Stencil with Optimized Dataflow Architecture Compiler
- Yuze Chi, Jason Cong, Peng Wei, Peipei Zhou. SODA: Stencil with Optimized Dataflow Architecture. In ICCAD, 2018. (Best Paper Candidate) [PDF] [Slides]
# comments start with hashtag(#)
kernel: blur # the kernel name, will be used as the kernel name in HLS
burst width: 512 # DRAM burst I/O width in bits, for Xilinx platform by default it's 512
unroll factor: 16 # how many pixels are generated per cycle
# specify the dram bank, type, name, and dimension of the input tile
# the last dimension is not needed and a placeholder '*' must be given
# dram bank is optional
# multiple inputs can be specified but 1 and only 1 must specify the dimensions
input dram 1 uint16: input(2000, *)
# specify an intermediate stage of computation, may appear 0 or more times
local uint16: blur_x(0, 0) = (input(0, 0) + input(0, 1) + input(0, 2)) / 3
# specify the output
# dram bank is optional
output dram 1 uint16: blur_y(0, 0) = (blur_x(0, 0) + blur_x(1, 0) + blur_x(2, 0)) / 3
# how many times the whole computation is repeated (only works if input matches output)
iterate: 1
- Python 3.5+ and corresponding
pip
- SDAccel 2018.3 (earlier versions might work but won't be supported)
How to install Python 3.5+ on Ubuntu 16.04+ and CentOS 7?

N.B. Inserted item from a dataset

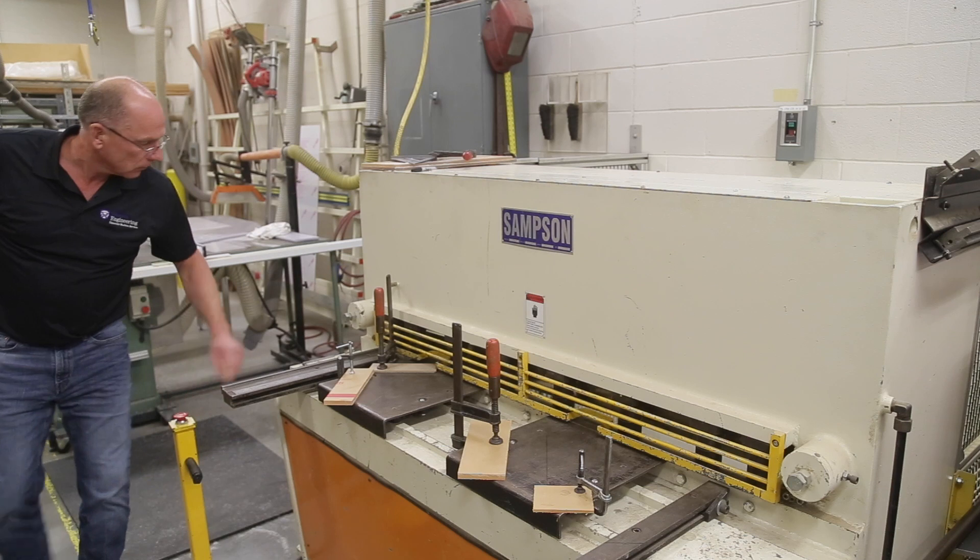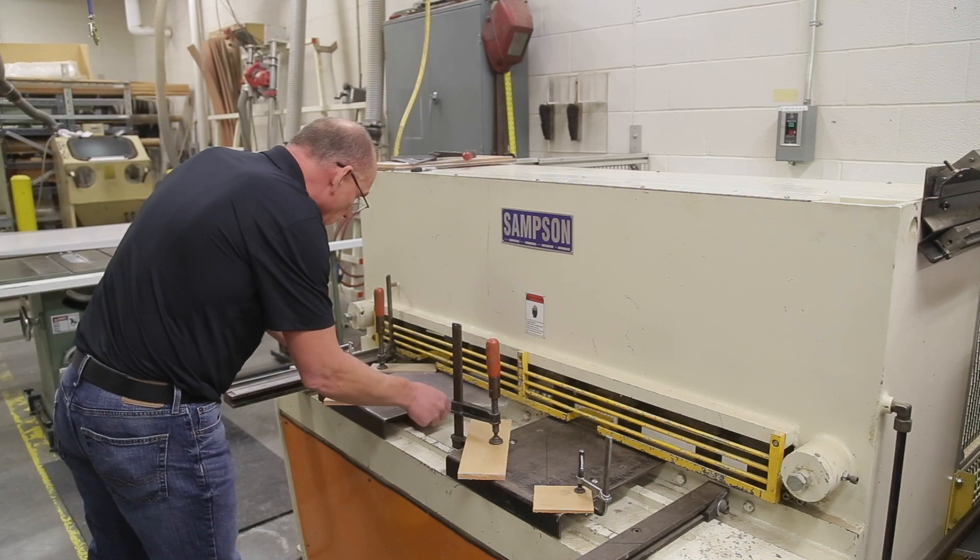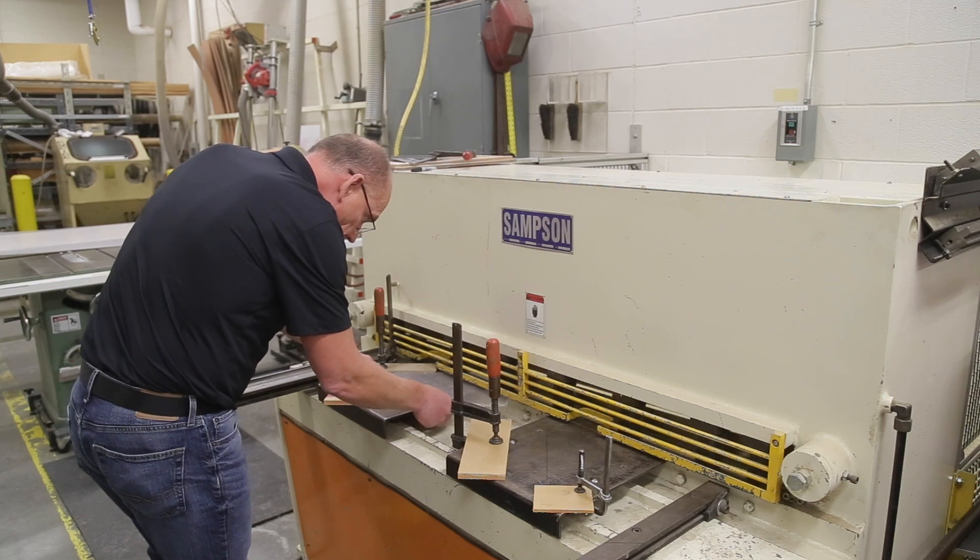The thickness of the material is roughly one millimeter thick. We're cutting them in a shear — just a hydraulic shear that we've got at the back of the shop. We're deburring them by hand and basically stapling Velcro on them.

sudo apt install python3 python3-pip
sudo yum install python36 python36-pip
sudo alternatives --install /usr/bin/python3 python3 /usr/bin/python3.6 100
git clone https://github.com/UCLA-VAST/soda-compiler.git
cd soda-compiler
python3 -m pip install --user -r requirements.txt
app=blur
platform=xilinx_u200_xdma_201830_1
# The following can be set via sourcing /path/to/xilinx/sdx/settings64.sh
XILINX_SDX=/path/to/xilinx/sdx
XILINX_VIVADO=/path/to/xilinx/vivado
src/sodac tests/src/${app}.soda --xocl-kernel ${app}_kernel.cpp
src/sodac tests/src/${app}.soda --xocl-header ${app}.h
src/sodac tests/src/${app}.soda --xocl-host ${app}.cpp
cat >${app}_run.cpp <<EOF
#include <cstdio>
#include <cstdlib>
#include "${app}.h"
int ${app}_test(const char* xclbin, const int dims[4]);
int main(int argc, char **argv) {
if (argc != 4) {
fprintf(stderr, "Usage: \n %s <xclbin> <input width> <input height>\n", argv[0]);
return 1;
}
int dims[4] = {atoi(argv[2]), atoi(argv[3]), 0, 0};
return ${app}_test(argv[1], dims);
}
EOF
# Please set TILE_SIZE_DIM_0 and UNROLL_FACTOR macros to match the kernel.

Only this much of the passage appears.